For the Fluke, a bad fuse is the most likely option, but it could also be bad probes or a bad jack, or the meter is bad.

For yours, are you using the right jack (if it has separate 10A and mA jacks), and on the right setting?


The probes were fine testing voltage with the fluke, I still need to check the fuse but my cat decided it was nap time and is using me as a bed.

I used the 10A fused setting and put the +positive into that jack and set it to 10A on the dial for my meter.

After i check the Fluke i may go DMM shopping.

20 years ago i almost finished EE degree and dropped out like an idiot, So i have some experience but i have forgotten alot also.

Suggestions on a low priced quality replacement?

Could be an stupid question, but ┬┐Did you must press (in my Fluke 179, the yellow) button to switch from AC Amps to DC amps?.

If that were the case, the flashlight would still light.


To check the 10A range fuse integrity, just switch to "continuity" (or "ohms") and put the leads in the outer two jacks. (RED + Voltage jack and the RED + 10A range jack) Touch the leads together. It will beep if the fuse is good.

If no beep (or not near-zero ohms), check the leads by putting them back where they belong and touch them together.

This always works for 10A range fuses. YMMV when testing fuses in separate lower range current jacks.

Crux called it right on the Fluke, No continuity beep in that setting.

Mine did beep tho, But may be just a cheap meter. But once i look into the Flukes fuse ill test it against it and see if its ready to be trashed.


You can get the cheapo red meter at harbor freight for the kind of stuff we're doing. They work remarkably well for the price.

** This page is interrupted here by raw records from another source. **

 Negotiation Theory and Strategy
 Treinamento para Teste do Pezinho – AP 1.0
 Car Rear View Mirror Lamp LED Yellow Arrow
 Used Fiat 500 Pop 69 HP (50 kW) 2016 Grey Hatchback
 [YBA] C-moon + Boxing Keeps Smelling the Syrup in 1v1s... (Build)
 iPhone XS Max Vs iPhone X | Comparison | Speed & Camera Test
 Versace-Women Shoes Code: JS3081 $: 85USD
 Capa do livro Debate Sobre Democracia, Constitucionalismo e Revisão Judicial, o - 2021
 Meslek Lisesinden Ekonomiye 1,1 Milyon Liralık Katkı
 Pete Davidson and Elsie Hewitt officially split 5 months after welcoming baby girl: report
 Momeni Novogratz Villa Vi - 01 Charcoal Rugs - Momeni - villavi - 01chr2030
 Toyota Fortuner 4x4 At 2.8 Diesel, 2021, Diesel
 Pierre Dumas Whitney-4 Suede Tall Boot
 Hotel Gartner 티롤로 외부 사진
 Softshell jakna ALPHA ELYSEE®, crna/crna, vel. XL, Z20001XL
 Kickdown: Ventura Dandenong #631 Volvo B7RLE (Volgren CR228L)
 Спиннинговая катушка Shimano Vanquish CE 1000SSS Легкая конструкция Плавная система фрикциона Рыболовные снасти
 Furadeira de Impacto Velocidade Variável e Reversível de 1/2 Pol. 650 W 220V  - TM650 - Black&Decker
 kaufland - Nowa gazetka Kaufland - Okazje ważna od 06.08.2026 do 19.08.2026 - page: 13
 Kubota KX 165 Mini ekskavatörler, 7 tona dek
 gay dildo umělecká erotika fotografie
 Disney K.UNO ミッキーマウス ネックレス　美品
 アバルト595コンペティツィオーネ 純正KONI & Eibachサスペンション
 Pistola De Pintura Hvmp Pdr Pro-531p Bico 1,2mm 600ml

Thats a good idea, I need to visit HF and Home Depot as im building a battery holder for my hobby charger so i dont have to keep charging one cell at a time. But i do have free access to the Fluke meter so interest of saving money i may just keep using that.

I did get some what i think are odd readings at the tail of a Sipik zoom clone, With a 14500 i got 1.4amps and with a AA NiMH Imedion cell i got a little over 2 amps. This doesn't seem right, But with the lower voltages it may be pulling more amps to compensate?

Now that i have the Fluke working ill move on and test a few other lights that are Li-Ion only and see how it responds to settings changes.

Does those reading sound possible or right? Or am i still in need of a new meter?

If you want to save all of $4, you can wait until HF has them for free w/ coupon.

The sk68 reading is correct. It's DD off of 14500 and boost circuit for AA's (to reach the Vf of the led).

Im starting to take nothing for granted with flashlights despite all my older teachings in EE 20 years ago. I knew about boost circuits but i didnt expect them to boost amperage so much higher than even the output of a Li-Ion cell.

Ill just stick with this Fluke for now, Its a good one with sentimental value as my dad used it in his tool box before he retired.

Did you just say you were thinking about trashing a fluke?? and are discussing buying B.S. from harbor frieght...I think I missed something here .. i have a2 flukes and a friend of mine gave me a harbor fieght meter .. it's pure crap

yeah .... get rid of that fluke..and buy a garbage multi meter .that makes perfect sense

-2 points for both of you for not reading the whole thread.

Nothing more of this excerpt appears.